Headline Comparisons

  • Central government current receipts in June were 4.7% higher than in the same month last year, excluding the impact of transfers related to the Asset Purchase Facility (APF). Taking receipts over April to June together, these were 1.6% higher than in the same three months of 2013. This is lower than the 5.0% growth forecast for the year as a whole by the OBR at the time of the March 2014 Budget, but there is good reason to believe that the average growth in receipts will be higher over the remainder of the financial year. Receipts in the early months of last year were particularly high for two reasons. First, the Exchequer received £0.9 billion from a tax on Swiss bank accounts. Second, some high income individuals responded to the reduction in the top rate of income tax in April 2013 by shifting income from the 2012–13 tax year into 2013–14. These have the effect of depressing the growth in receipts in the early months of 2014–15.

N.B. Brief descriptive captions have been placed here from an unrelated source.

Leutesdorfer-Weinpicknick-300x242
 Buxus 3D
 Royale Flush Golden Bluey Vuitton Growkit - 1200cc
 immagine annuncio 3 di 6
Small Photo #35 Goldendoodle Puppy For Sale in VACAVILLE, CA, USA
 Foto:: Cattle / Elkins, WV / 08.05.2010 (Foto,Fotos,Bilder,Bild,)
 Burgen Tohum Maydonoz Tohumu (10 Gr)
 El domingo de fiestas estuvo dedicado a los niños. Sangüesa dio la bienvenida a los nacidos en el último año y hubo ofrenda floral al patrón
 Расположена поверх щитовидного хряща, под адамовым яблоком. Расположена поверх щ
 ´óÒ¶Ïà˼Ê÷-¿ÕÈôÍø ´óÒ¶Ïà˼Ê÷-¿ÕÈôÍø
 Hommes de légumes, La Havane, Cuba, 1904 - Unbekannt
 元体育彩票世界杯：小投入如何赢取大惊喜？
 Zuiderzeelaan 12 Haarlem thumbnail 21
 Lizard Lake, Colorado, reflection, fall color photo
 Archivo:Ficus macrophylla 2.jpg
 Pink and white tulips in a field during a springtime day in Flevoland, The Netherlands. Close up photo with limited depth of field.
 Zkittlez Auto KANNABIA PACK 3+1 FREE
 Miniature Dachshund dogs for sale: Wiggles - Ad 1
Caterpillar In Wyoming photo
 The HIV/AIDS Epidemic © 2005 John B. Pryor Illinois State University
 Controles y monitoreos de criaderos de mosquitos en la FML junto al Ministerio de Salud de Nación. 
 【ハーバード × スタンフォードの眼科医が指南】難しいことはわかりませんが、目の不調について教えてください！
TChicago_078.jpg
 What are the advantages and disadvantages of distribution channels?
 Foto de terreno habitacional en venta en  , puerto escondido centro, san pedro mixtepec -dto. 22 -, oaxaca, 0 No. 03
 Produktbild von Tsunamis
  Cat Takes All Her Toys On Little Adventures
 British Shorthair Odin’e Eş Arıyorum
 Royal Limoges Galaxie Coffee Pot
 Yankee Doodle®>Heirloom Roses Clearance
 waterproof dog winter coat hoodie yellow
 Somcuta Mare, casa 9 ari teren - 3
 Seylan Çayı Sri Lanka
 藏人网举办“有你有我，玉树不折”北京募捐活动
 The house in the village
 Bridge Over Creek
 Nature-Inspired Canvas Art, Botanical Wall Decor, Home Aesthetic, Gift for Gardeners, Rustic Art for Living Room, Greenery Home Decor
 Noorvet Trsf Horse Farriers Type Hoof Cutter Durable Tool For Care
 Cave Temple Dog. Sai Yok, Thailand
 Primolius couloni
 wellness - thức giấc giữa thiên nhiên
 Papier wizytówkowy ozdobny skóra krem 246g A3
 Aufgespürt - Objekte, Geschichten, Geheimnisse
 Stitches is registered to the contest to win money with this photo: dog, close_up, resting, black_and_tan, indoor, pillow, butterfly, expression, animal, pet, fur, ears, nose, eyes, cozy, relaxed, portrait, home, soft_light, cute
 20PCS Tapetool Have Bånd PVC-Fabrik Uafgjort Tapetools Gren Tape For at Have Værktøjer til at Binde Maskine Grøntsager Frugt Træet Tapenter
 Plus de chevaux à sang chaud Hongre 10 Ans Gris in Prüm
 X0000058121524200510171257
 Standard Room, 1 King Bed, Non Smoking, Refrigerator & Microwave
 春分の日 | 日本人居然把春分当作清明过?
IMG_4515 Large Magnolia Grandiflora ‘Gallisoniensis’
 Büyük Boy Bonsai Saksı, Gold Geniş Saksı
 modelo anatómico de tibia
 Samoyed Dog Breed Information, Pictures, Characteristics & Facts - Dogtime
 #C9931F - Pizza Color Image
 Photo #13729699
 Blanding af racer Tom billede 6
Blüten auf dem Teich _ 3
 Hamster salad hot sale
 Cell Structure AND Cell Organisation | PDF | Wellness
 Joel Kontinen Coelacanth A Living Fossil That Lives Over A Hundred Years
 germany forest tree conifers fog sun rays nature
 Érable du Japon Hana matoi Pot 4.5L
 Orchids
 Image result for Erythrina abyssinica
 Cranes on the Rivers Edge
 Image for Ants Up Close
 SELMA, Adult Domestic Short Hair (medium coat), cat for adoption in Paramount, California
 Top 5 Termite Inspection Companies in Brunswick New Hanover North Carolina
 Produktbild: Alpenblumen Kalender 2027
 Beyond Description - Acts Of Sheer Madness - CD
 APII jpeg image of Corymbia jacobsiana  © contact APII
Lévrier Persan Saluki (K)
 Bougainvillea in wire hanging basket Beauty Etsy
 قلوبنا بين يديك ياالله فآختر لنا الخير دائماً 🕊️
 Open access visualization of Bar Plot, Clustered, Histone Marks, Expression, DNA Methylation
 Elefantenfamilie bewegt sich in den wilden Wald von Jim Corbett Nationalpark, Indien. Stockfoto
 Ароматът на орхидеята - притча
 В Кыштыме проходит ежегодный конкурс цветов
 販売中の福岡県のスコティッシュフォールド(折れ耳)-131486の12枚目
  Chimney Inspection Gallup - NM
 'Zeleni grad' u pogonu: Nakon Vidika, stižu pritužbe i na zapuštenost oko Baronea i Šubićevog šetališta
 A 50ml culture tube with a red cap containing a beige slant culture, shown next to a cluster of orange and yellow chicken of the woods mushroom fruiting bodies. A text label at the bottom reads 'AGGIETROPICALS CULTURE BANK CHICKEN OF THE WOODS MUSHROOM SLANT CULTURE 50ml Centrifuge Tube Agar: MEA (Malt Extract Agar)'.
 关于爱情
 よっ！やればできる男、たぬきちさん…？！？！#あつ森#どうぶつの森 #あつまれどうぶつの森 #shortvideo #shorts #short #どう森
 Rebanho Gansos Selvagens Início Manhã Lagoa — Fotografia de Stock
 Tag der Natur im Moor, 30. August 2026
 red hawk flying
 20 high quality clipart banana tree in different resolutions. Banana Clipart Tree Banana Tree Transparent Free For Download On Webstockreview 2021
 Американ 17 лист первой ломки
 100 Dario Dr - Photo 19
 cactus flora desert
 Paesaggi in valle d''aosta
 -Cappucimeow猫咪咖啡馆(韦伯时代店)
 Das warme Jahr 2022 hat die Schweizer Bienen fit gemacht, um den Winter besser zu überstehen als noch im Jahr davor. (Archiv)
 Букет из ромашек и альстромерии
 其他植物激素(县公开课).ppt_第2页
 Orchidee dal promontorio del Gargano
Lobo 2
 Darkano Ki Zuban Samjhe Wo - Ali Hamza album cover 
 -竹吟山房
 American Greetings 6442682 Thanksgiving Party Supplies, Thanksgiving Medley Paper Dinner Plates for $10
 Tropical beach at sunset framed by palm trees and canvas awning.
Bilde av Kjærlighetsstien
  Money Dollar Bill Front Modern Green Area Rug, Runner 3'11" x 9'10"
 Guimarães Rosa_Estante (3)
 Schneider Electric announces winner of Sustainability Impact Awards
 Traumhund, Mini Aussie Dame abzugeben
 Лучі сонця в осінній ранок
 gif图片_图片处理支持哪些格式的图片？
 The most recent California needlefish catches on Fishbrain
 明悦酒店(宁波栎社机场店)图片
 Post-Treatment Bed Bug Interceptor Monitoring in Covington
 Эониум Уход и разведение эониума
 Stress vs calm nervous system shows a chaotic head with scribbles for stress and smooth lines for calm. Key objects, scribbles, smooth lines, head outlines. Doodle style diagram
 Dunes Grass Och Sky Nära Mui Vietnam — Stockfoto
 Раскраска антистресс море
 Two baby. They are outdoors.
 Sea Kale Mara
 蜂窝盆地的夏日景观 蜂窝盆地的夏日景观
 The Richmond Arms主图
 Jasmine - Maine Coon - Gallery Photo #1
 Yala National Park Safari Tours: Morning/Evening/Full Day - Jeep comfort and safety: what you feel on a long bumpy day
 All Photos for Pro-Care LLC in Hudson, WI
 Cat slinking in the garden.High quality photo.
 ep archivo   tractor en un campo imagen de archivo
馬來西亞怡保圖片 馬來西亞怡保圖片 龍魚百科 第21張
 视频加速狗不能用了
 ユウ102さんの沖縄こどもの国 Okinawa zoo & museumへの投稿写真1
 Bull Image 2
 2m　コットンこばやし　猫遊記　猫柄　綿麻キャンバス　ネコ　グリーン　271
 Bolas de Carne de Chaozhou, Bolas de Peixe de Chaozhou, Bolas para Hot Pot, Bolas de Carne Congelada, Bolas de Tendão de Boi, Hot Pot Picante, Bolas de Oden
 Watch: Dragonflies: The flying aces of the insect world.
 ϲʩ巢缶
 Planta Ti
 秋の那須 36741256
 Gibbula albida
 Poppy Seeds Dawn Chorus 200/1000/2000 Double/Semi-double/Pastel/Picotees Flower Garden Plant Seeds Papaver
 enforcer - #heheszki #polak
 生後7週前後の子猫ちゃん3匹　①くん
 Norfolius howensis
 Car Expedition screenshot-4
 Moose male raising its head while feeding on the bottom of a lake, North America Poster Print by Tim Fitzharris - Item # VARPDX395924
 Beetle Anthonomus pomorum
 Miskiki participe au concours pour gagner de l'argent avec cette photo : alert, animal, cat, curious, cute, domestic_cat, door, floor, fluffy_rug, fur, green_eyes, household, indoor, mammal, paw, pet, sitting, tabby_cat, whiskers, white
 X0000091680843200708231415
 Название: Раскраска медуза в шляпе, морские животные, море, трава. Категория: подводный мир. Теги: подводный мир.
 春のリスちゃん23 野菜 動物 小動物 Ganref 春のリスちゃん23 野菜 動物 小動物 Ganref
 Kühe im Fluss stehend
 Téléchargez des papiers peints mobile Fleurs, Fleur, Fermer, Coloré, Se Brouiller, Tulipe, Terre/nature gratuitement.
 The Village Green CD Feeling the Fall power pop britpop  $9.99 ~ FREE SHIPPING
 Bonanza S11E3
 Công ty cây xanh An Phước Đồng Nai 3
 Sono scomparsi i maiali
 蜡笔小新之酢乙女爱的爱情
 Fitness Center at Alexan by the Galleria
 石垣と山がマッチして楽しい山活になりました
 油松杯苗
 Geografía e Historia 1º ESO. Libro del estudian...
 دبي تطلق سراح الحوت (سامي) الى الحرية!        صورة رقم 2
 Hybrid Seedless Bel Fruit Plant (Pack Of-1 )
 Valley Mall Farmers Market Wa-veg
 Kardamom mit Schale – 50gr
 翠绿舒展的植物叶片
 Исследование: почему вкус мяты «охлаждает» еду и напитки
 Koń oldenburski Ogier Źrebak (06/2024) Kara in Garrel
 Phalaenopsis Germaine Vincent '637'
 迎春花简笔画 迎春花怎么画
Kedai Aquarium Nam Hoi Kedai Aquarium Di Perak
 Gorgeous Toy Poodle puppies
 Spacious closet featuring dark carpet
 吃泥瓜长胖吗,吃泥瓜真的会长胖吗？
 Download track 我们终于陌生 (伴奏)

  • Central government current spending in June was 4.0% higher than in the same month last year, and taking the first three months of this financial year together, spending has been 1.0% higher than in the same months of 2013. This is lower growth in spending than the 2.0% increase forecast by the OBR in March for the year as a whole.
  • Public sector net investment in June was £1.5 billion, £0.4 billion more than was spent in June last year. Together, public sector net investment between April and June 2014 has been £4.3 billion. This is £1.0 billion higher than over the same three months in 2013. The OBR’s March 2014 forecast was for net investment over the whole of 2014–15 to be £27.9 billion, which is 12.8% above last year’s level (£24.7 billion).
  • Public sector net borrowing in June was £11.4 billion, similar to the £11.5 billion borrowed in the same month of last year once cash flows relating to the APF are excluded. On the same basis borrowing for the first three months of this financial year has been 7.3% higher than over the same period last year. This compares unfavourably with the 11.4% fall in borrowing forecast for the year as a whole by the Office for Budget Responsibility (OBR) in March 2014, but the comparison between borrowing this year and last is also affected by the unusually high receipts from taxes on high income individuals and from the Swiss capital tax in the early months of 2013–14. Over the rest of the financial year the comparison between borrowing this year and last is likely to look more favourable.